The MOSH Southbank building closed on September 1, 2025, as the museum prepared to relocate to the proposed Northbank facility. The city-owned site is under review for demolition, with ELEV8 Demolition contracted to remove the structure. Staff of Jacksonville's Downtown Investment Authority determined the building was not salvageable, and the site is expected to be cleared for future development.
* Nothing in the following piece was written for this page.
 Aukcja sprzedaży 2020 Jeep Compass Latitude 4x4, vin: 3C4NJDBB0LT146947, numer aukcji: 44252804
In January 2026, the Jacksonville Downtown Investment Authority unanimously approved up to $875,000 for demolition and asbestos abatement of the former MOSH Southbank building. The 58-year old structure was deemed unsuitable for reuse, and the city determined that demolition was in the public interest due to ongoing maintenance costs and redevelopment potential. At the same time, two-year CEO Dove tendered his resignation, citing a desire to "pursue new opportunities".

==Core exhibits==
The core exhibits at MOSH include:
- Health in Motion - An interactive exhibit detailing the functions of the human body.
- Atlantic TAILS: Coastal Creatures of Northeast Florida
- JEA Powerplay
- JEA Science Theater - Scheduled live science demonstrations.
- Florida Naturalist's Center - An exhibition of the local amphibians, reptiles, and birds of Northeast Florida.
- Currents of Time: A History of Jacksonville & Northeast Florida - History of Jacksonville & The First Coast from Pre-Columbian to the 1950s.
- Hixon Native Plant Courtyard - Northeast Florida native environment encouraging awareness and preservation of native species.
- Space Science Gallery - Orientation space for the Bryan-Gooding Planetarium to learn about the innovation and history of space exploration.
- Interpreting Northeast Florida: A Historic Mural by Elmer Grey
- Kidspace - Interactive exhibit for children under the age of 5.
- Bryan-Gooding Planetarium - Multiple daily planetarium shows in one of the largest single-lens planetariums in the United States.

==Previous exhibits==
Displays on the second third floor are known as travelling exhibits.

- Playing With Lights used lasers to manipulate light. At twenty-one different stations, visitors could poke, prod, and bend light.

- Bicentennial exhibit showed how occurrences such as fires, floods, disease, and other monumental events have shaped Jacksonville's economy, environment, and future.

- WeaveTales sought to make people aware of refugees and their families. The exhibit utilized information about North Florida refugees and highlighted a woman's journey to Jacksonville. Previously shown at Museum of Contemporary Art Jacksonville.